Radio commentator Rush Limbaugh told listeners Monday that he's virtually deaf but that he wants to continue his nationally syndicated talk show.
Limbaugh said he noticed in May that he had trouble hearing in his left ear. He said it had progressively worsened to the point where he is totally deaf in that ear. He has partial hearing in his right ear, he said.
"I can occasionally talk to people in person one on one if their voice frequency happens to fit the range that I can still hear, but I cannot hear radio," he said. "I cannot hear television. I cannot hear music. I am, for all practical purposes, deaf - and it's happened in three months."
This summer, Limbaugh renewed his contract with the Premiere Radio Networks through 2009, reportedly for the highest price ever in radio syndication. Through his call-in show and a 90-second radio commentary, he reaches some 20 million listeners on nearly 600 stations.
Representatives of Premiere Radio Networks could not immediately be reached for comment Monday.

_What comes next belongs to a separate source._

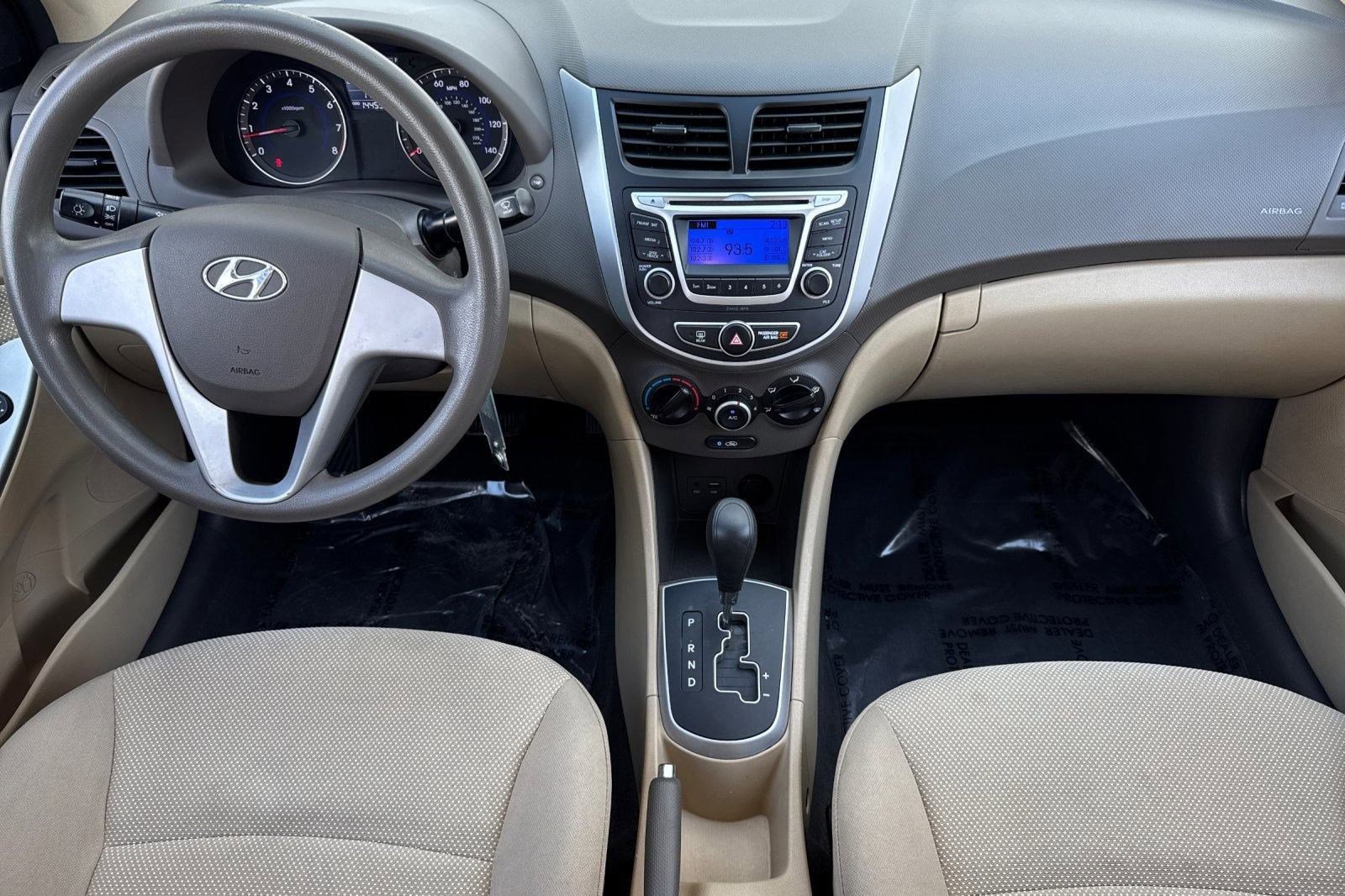Used 2014 Hyundai Accent GLS image 25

Limbaugh, with his legion of like-minded "dittoheads" who listen to his show live on weekdays from noon to 3 p.m., is an icon in conservative politics who spent most of the 1990s assailing then-President Clinton. He was frequently lampooned from the left: Comedian Al Franken wrote a book titled "Rush Limbaugh is a Big Fat Idiot," before Limbaugh lost weight.
The 50-year-old Limbaugh got his start on KFBK in Sacramento, Calif., in 1985 and became nationally syndicated in 1988.
Limbaugh said his hearing loss is not genetic. He said doctors have a theory about why he's gone deaf, "but I'm going to keep that to myself."
The commentator told listeners, "you would not believe the medication that is flowing through me in an attempt to reverse this."
He said he wants to continue his show, and is experimenting with ways that he can still communicate with telephone callers. If that doesn't work, he may do the show without callers.
"All I've lost is my ability to hear," he said, "but it doesn't mean I've lost my ability to communicate. Those are two different things, given the technological advances we have in this country today."
He had a syndicated television talk show that lasted four years and ended in 1996. CNN, which Limbaugh frequently derided as the "Clinton News Network," talked briefly about putting him on the air this summer, but nothing came of the discussions.
Limbaugh also briefly sought a color commentator job on "Monday Night Football," but the gig went to Dennis Miller.
He said Monday that many of his listeners had written to say that his voice had changed in recent months.
"It could well be that my voice is changing," he said. "I don't know. I cannot hear myself well enough to know."